Upon some quick googling, I found two such services. First was US Geological Survey. Their API page says that they make the feed available in various formats, but the feeds are refreshed every 5 minutes. 5 minutes is too long! Next I found something from EU. Seismic Portal broadcasts the feed on a web socket. Sweet! If I tap onto that feed, I would get near real time notifications. I can connect this to some SMS gateway and I would be done. After some googling, I found out that buying a plan from SMS gateway providers have become tougher than simply clicking buy now and paying through a credit card. This was done because of TRAI’s strict regulations on bulk SMSes to be sent to Indian mobile numbers, to deter spammers. I recalled reading about an app called Instapush which provides a REST API to send instant notifications to Android and iOS devices. I went through their documentation and found that wiring them was pretty easy. But I could just get notifications on my phone, not on everyone’s. That is doable by writing an Android app which can get notified through Google Cloud Messaging. This one later, for now let’s go with Instapush.

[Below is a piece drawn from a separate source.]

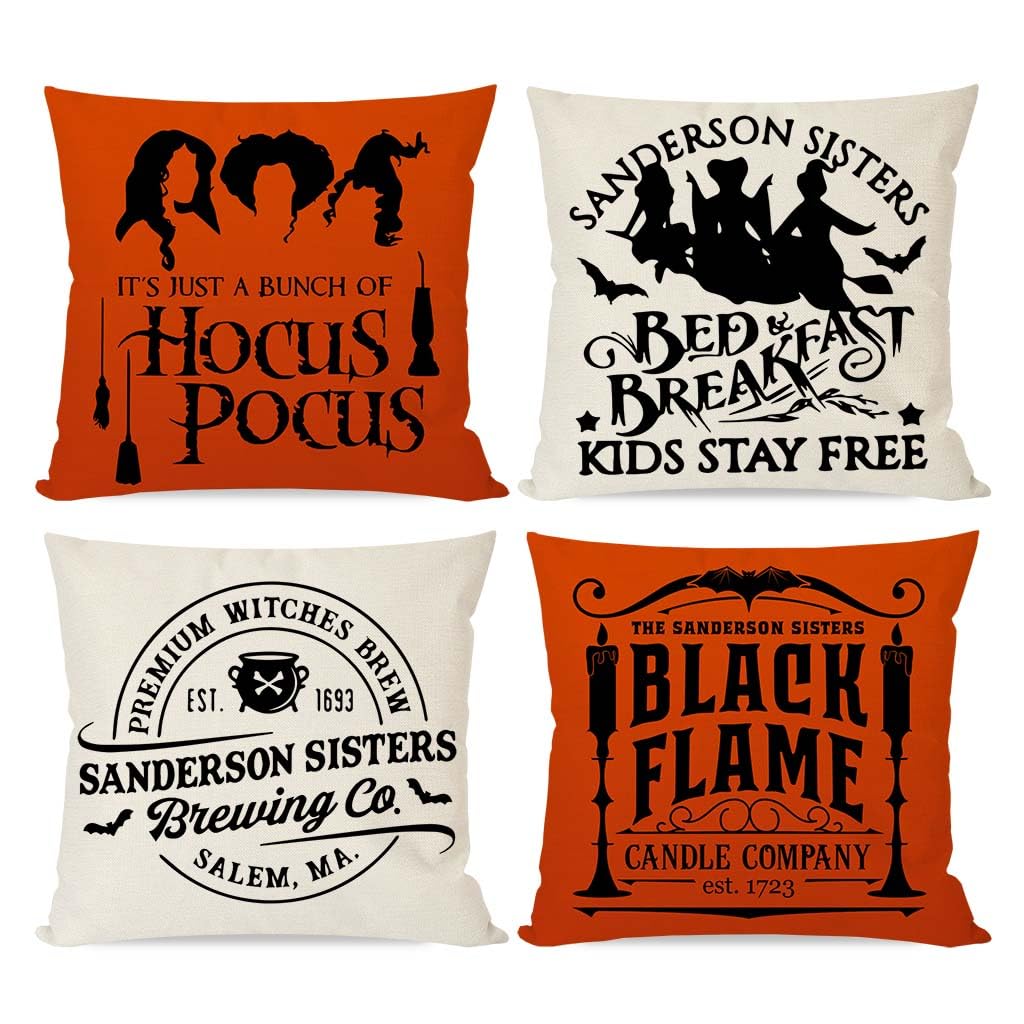 Glaring Set 4 Federe Per Cuscini Halloween 45x45 Cm | Tema Hocus Pocus, Fattoria Autunnale, Senza Imbottitura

I created a NodeJS application on Openshift. The app opens a websocket, listens to the earthquake feed, processes it, makes an API call to instapush which instantly delivers the notification on my phone. There are just two files in the codebase.

Configuring instapush

Instapush needs you to define two things. An event, and trackers for the event. An event is simply an event name. For example: earthquake. Trackers are placeholders in the notification message, which are populated with the values that you pass for them in the REST call to instapush. Here is my configuration for event and trackers.

InstaPush

Code

var sjsc = require('sockjs-client-ws');
var request = require('request');

var client = sjsc.create("http://www.seismicportal.eu/standing_order");
client.on('connection', function () {
    console.log('Connected');
});

client.on('data', function (msg) {
    var message = JSON.parse(msg);
    var magnitude = message.data.properties.mag;
    var place = message.data.properties.flynn_region;
    var time = new Date(Date.parse(message.data.properties.time));
    console.log('Earthquake of magintude ' + magnitude + " in " + place + " at " + time);
    var options = {
        method: 'POST',
        url: 'https://api.instapush.im/v1/post',
        headers: {
            'x-instapush-appid': "MY_APP_ID",
            'x-instapush-appsecret': "MY_APP_SECRET",
            'Content-Type': "application/json"
        },
        json: true,
        body: { 'event': 'Earthquake', 'trackers': { 'magnitude': magnitude, 'location': place, 'time': time.toLocaleTimeString() } }
    };
    request(options);
});
client.on('error', function (e) {
    console.log('Some error occured');
});

The package.json declares the dependency on sockjs and request.

{
    "name": "quake-prab",
    "version": "1.0.0",

    "engines": {
        "node": ">= 0.6.0",
        "npm": ">= 1.0.0"
    },

    "dependencies": {
        "request": "*",
        "sockjs-client-ws": "*"
    },
    "private": true,
    "main": "client.js"
}

Possible improvements

This project is quick and dirty. It is just re-wiring of stuff lying on the web. There are bunch of possible improvements here. Some of them are:

  • Only notify if the quake has intensity greater than 4.5
  • Only notify if the quake has struck in neighbouring countries like Nepal, Bhutan, Pakistan, India
  • Provide an endpoint to let user register his/her mobile number on which SMSes can be sent.